The Parties undertake and agree that all arbitral proceedings conducted with reference to this arbitration clause will be kept strictly confidential. This confidentiality undertaking shall cover all information disclosed in the course of such arbitral proceedings, as well as any decision or award that is made or declared during the proceedings. Information covered by this confidentiality undertaking may not, in any form, be disclosed to a third party without the written consent of the other Party. This notwithstanding, a Party shall not be prevented from disclosing such information in order to safeguard in the best possible way its rights vis-à-vis the other Party in connection with the dispute, or if the Party is obliged to so disclose pursuant to statute, regulation, a decision by an authority, applicable stock exchange regulations or the regulations of any other recognised market place. In case this Agreement or any part of it is assigned or transferred to a third party, such third party shall automatically be bound by the provisions of this arbitration clause.

20.    Claims & returns

To make a claim or return you need to have a user account at fristads.com. If you do not yet have one, contact customer support and they will help you set one up.

Claim – Defect product

1.    Fristads guarantee to deliver a product that is faultless up on arrival according to section 7 in general agreement.

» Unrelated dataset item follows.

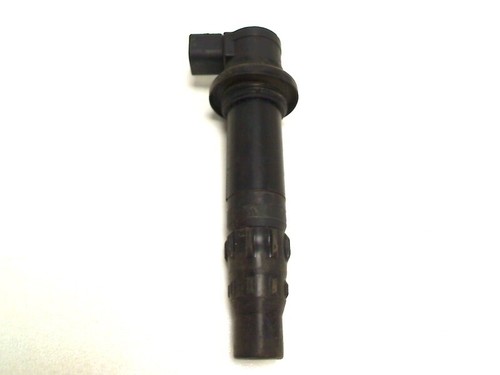 F6t571 spark plug cable - spark,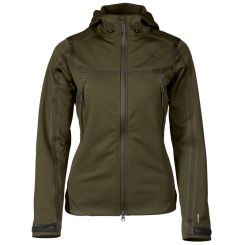Seeland Damen Jacke Hawker Advance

2.    Claims when the value of the product is less than 800 SEK excl. VAT:
Register your claim with the claim funtion on your order history page, enclose photos of the product. Save the item for 90 days, after that it can be discarded.  

3.    Claim when value of product is higher than 800 SEK excl. VAT
Register your claim with the claim function on your order history page. There you will find all steps for making the claim. You might be asked to enclose photos and adminitrate a return back to our warehouse . After submitting your claim we will contact you on what to do.

Claim – Wrong products delivered

1.    If you have received    wrong number of items or wrong items, go to your order history under Admin/My pages and make a claim.

Returns

1.    If nothing else is agreed, you as a reseller can return your order within 30 days for free. After 30 days you will have to pay a return fee of 350 SEK/35 € /35£ All items that are returned needs to be unused with original packaging and with all labels still on the item. If you want to return an item outside of what is agreed upon, please contact your Fristads representative. Products that are sent to Fristads without an approved return will be sent back to the customer.

To return an item you have to log in to fristad.com and go to your order history under Admin/MyPages. With a registered return you will get a return label. This step is mandatory to get a credit.